「115. データ・ストラクチャーでの重複定義 QUALIFIED」でも説明したとおり
DS (= Data Structure) で QUALIFIED を定義しておくと
同じフィールド名を別々の異なる DSで使用していても
明確に異なるフィールドとしてOS は識別してくれる。
というのは DS は構造体の性格を持っているというか、
まさしく C言語等に言うところの構造体であるので
同じ構造体を異なる RPGソースの中で使用するケースが多くなる。
このときDSソースをコピーしたりインクルードすると
元あるRPGソースの同じ名前のフィールドと重なってしまう可能性がある。
QUALIFIED というのは直訳すると「資格を与える」とか「意味のある」とかいうような意味であるが
それなりの意味がある DS と言ったところだろうか。
C言語であると同じ名前の変数を再び重ねて定義しようとすると
重複定義としてコンパイラーのエラーとなってしまう。
ところがご存知のように RPG の場合は重複の名前の定義であってもタイプと長さ、小数が同じであれば
コンパイル・エラーとはならず通ってしまう場合がある。
それはそれで良い場合もあるのだが、意味のあるDSを
いろいろなプログラムの中で多用したのであれば明確な区別が必要となる。
その意味で QUALIFIED による DSの記述はこれからの時代では常識として一般化されて
使用される傾向にある、といっても間違いない。
【例】
D APIERR DS QUALIFIED D GETBYT 1 4B 0 INZ(160) D AVLBYT 5 8B 0 INZ(0) D APIID 9 15 D APIDTA 17 160
… QULIFIED を定義しておくと例えば GETBYT という名前のフィールドが他で
定義されていてもコンパイルの重複定義のエラーとは見なされない。
GETBYT は DSの名前を冠にして
EVAL APIERR.GETBYT = 160
というように表現することが必要である。
もうひとつ QUALIFIED とする利点は構造体の配列を作れる、という点である。

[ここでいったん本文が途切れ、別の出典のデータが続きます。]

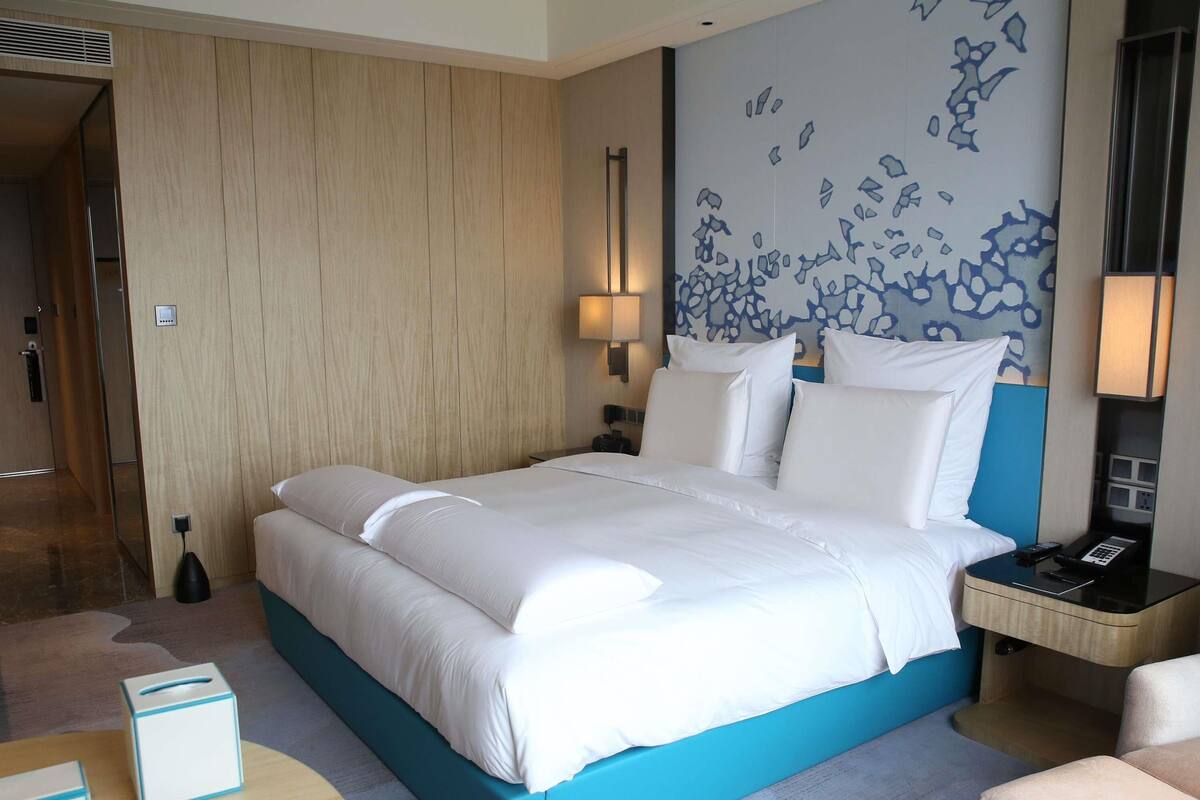 A hotel room with a large bed, bedside tables, a desk, and a wall with abstract art.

これまで配列というと文字や数字などのひとつの属性の配列でしかなかったのだが
構造体という意味の持つ配列を作ることができる利点がある。
例えばフィールド構造体を考えてみよう。
フィールド構造体は属性として
- フィールドの名前
- 属性
- 長さ
- 小数
という 4つの要素からなりたっているものとする。
このフィールドの配列を作るとき、従来の手法では
- フィールド名の配列
- 属性の配列
- 長さの配列
- 小数の配列
という 4つの配列を作成する必要があったが QUALIFIED を定義しておけば
フィールド構造体の配列をひとつ作るだけでよい。
ひとつだけの配列であっても各要素は
- FDR(N).FLDNAM
- FDR(N).ATTR
- FDR(N).LEN
- FDR(N).DEC
というように個別に区別して扱うことができる。
これはまさしく QUALIFIED によって定義された DS はあたかも
C言語の構造体 ( typedef ) のようであるし、 VC++ のクラス ( Class ) のようでもあるのだ。

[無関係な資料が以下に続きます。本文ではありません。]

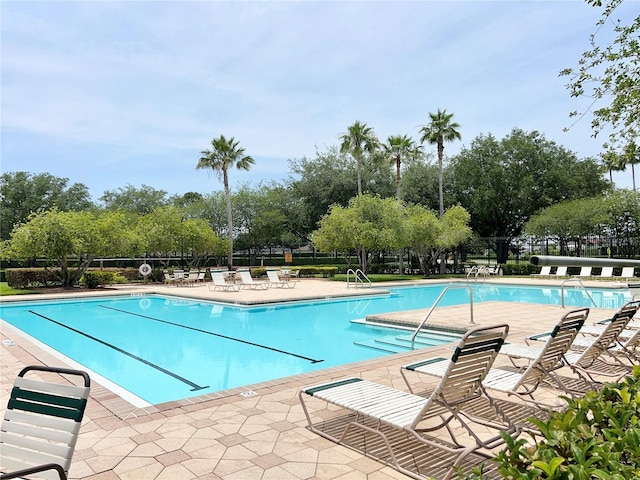 view of pool featuring a patio area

QUALIFIED というキー・ワードは一見、何でもないようであるが
確実に RPG という開発言語を進化させている。
QUALIFIED は初めから IBM の RPG 開発者たちが必要であるとして追加したものではなく
他の開発言語を知っている開発者たちが RPG を眺めてみて
本質の修正が必要な部分を修正したのだと思える。
最近、RPG は確実にしかも大幅に進化しており見ていくともはや昔の時代の RPG ではない。

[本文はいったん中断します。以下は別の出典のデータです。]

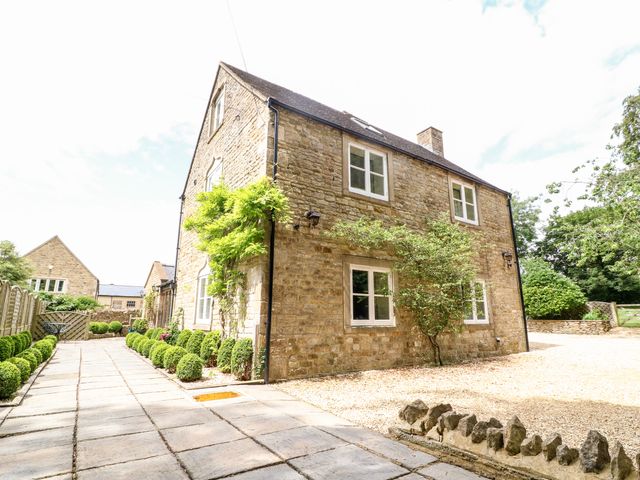 Stone house with paved pathway and neatly trimmed bushes at South Hill Farmhouse Stow-On-The-Wold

IBM i OS Ver7 のサンプル・ソースを見れば RPG III や ILE-RPG の固定フォーマットまでの
知識の人が見ればもはや別の言語であり理解不可能になっているかも知れない。
IBM のサンプル・ソースもあまりにも進みすぎているように思えるのだが
それではサンプル・ソースを理解できないので、次回以降はこのあたりを少しずつ紹介して
最新の RPGソースを紹介していくことにしよう。